§ **Data**:

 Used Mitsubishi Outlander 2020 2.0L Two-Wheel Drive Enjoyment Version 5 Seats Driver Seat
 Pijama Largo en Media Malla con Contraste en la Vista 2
==
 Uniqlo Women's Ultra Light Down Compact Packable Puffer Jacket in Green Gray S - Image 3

§ **Assignment**: Give the exact lines, and only those, from the line containing "Used Mitsubishi Outlander" through the line containing "Pijama Largo en" in the entries above.

§ **Exercise result**:
 Used Mitsubishi Outlander 2020 2.0L Two-Wheel Drive Enjoyment Version 5 Seats Driver Seat
 Pijama Largo en Media Malla con Contraste en la Vista 2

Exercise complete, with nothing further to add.